Même jugement faussé chez l’adversaire ; on a oublié tout ce que la loi scolaire renfermait de bon et d’utile, le principe d’obligation et de gratuité qu’elle consacrait et qui est si conforme aux aspirations de la démocratie ; on a oublié les programmes sagement établis, cette ardente volonté de bien faire qui animait les réformateurs, leur souci de ménager les transitions en ne laïcisant les écoles que peu à peu. Tout a disparu devant la controverse politico-religieuse que la loi provoqua et derrière laquelle s’abritent toutes les rancunes, toutes les haines du passé : on n’a plus vu qu’une chose dans la loi, les amendements qui n’y sont pas.

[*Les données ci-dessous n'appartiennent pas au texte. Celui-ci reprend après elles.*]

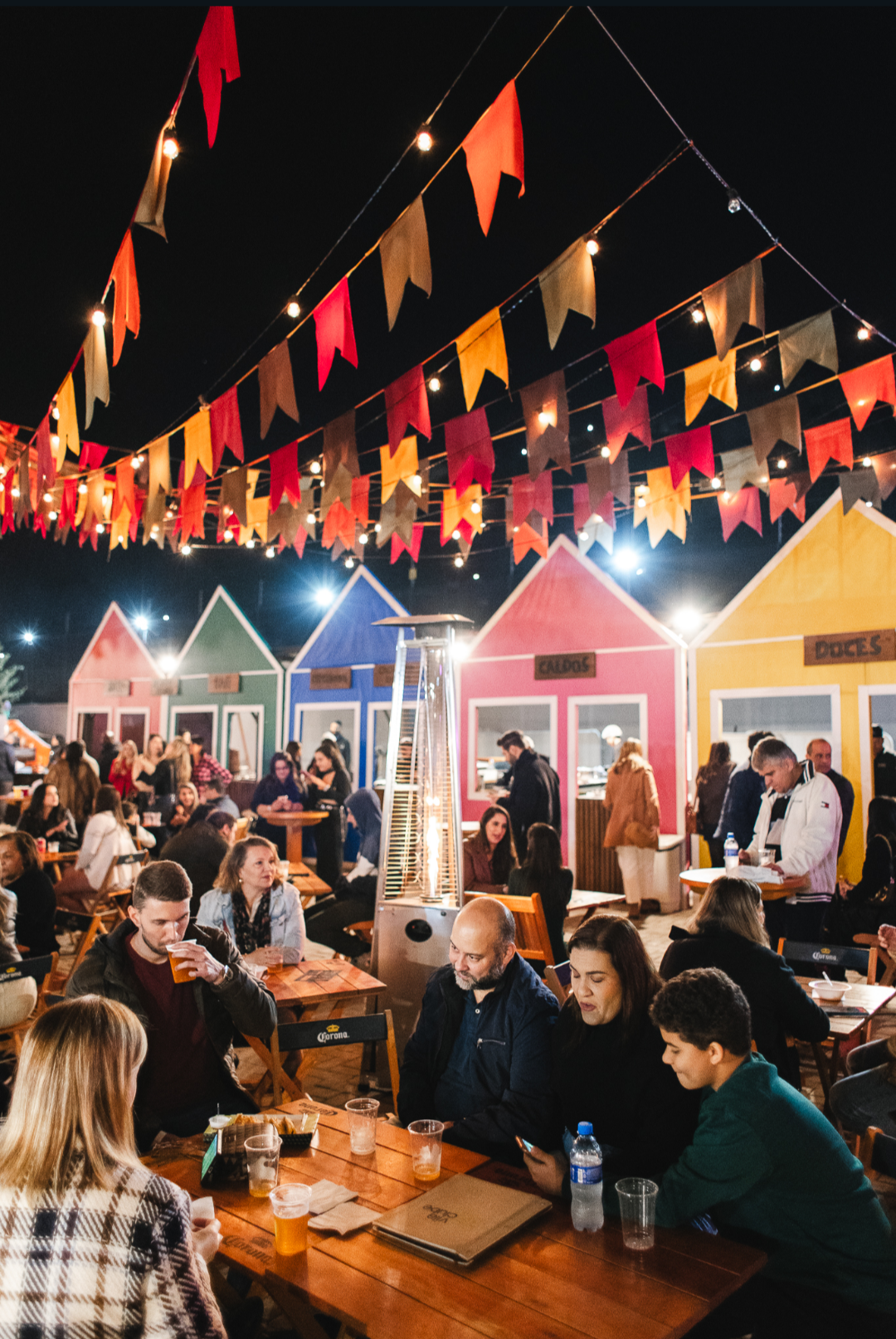 A cidade cenográfica e a praça de alimentação prometem recriar o clima das tradicionais festas de São João. Foto: Divulgação.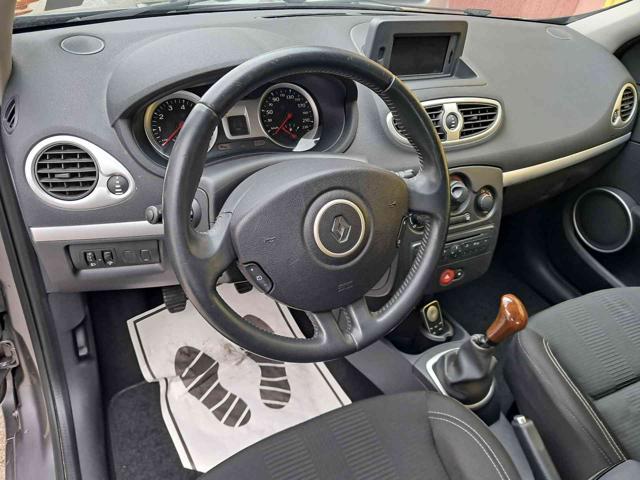 RENAULT Clio 1.2 16V 5 porte Luxe ok neopatentati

L’enseignement « moral et civique » qu’elle instituait n’a rien en lui-même d’antireligieux. Matthew Arnold, le célèbre écrivain anglais, conte comment, visitant des écoles communales de Paris, il assista à l’interrogatoire habituel que le maître pose aux tout jeunes enfants : À qui sommes-nous redevables de cette belle classe, de ces bancs, de ces jolies images ? — Au lieu du traditionnel : C’est à Dieu — l’élève répondit ces mots plus précis : C’est à la

  1. Le Temps du 4 octobre 1894. On comprend que les choses ne changeront que lorsqu’on aura retiré aux préfets la nomination des instituteurs et émancipé les inspecteurs d’académie de la tutelle préfectorale. Jusque-là l’instituteur sera choisi pour des motifs autres que des motifs scolaires et restera un agent politique.